Entre uma tarefa e outra, Júlio ia absorvendo tudo o que ele dizia. Mas, na seção, havia outro funcionário, um jovem chamado Marcos, que não gostava de trabalhar. “Era um grandalhão, que queria que o mundo acabasse sem fazer barulho para não atrapalhá-lo”, recorda.

A seção era relativamente nova e administrava os recebimentos de aluguéis de imóveis em BH. A carteira de negócios era formada por proprietários que contratavam o banco para alugar casas, receber aluguéis, cobrar atrasados etc.

Eles também faziam cadastros de pessoas interessadas em alugar ou comprar imóveis, dando o aval da seção para a direção do banco. Aos poucos, Júlio foi entendendo a lógica daquele trabalho e se afeiçoando a ele. Começou a conhecer também a realidade do mercado e dos negócios bem-sucedidos ou fracassados. Assim como os reais interesses de um banco nessas operações.

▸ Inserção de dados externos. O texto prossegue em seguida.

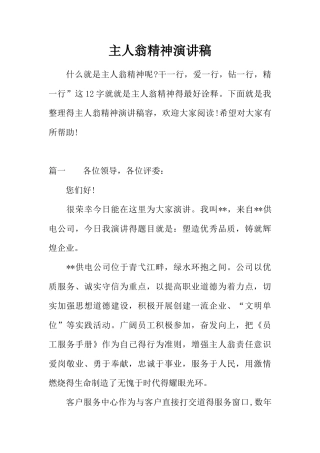 主人翁精神演讲稿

Eu vi, trabalhando ali, muito milionário quebrar. Lembro-me de uma família que mexia com mármore e granito. Eles tinham um palacete na Rua Sapucaí. Os filhos andavam de Impala e outros carros importados. De repente, eles perderam tudo. Antes, os gerentes os recebiam muito bem, com cafezinho e tudo. Depois, o tratamento mudou.

Mas o fato é que Júlio já ajudava o senhor Savino a fazer as fichas dos aluguéis mensais que recebiam, pois os inquilinos iam diretamente à seção deles, no banco, para pagar. E também foi aprendendo a analisar os cadastros, levantando quem tinha ficha suja no banco etc.

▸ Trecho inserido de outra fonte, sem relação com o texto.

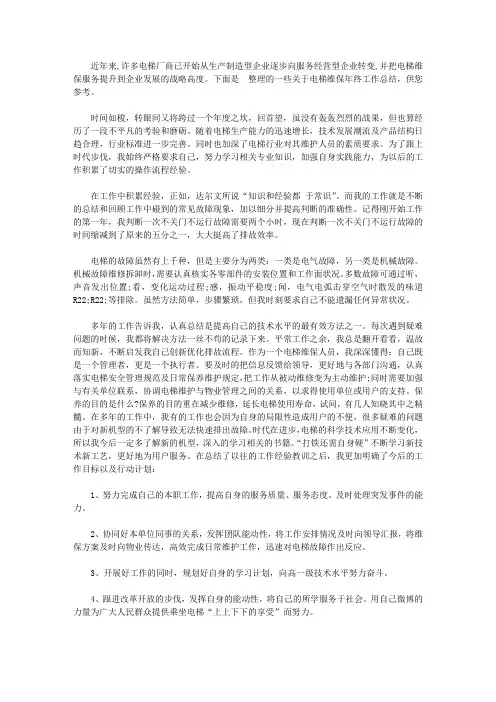 2020电梯维保年终工作总结范文【精品】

Até que, um dia, o senhor Savino adoeceu e teve que se afastar do trabalho. E Marcos continuava lá, sem querer fazer nada. Obviamente, Júlio percebeu, de imediato, a janela de oportunidades que se abria diante dele. E passou a criar alguns procedimentos bem práticos, como preparar, com antecedência, as fichas mensais de recebimento de aluguel, pois isso agilizava o atendimento e evitava até filas na seção.

O procedimento adotado por ele tornou mais dinâmicas as cobranças em atraso, agilizando os contatos com inquilinos. Nos casos mais graves, fazia logo a comunicação de cobrança, pegava a procuração e levava direto para o setor jurídico tomar as providências rapidamente.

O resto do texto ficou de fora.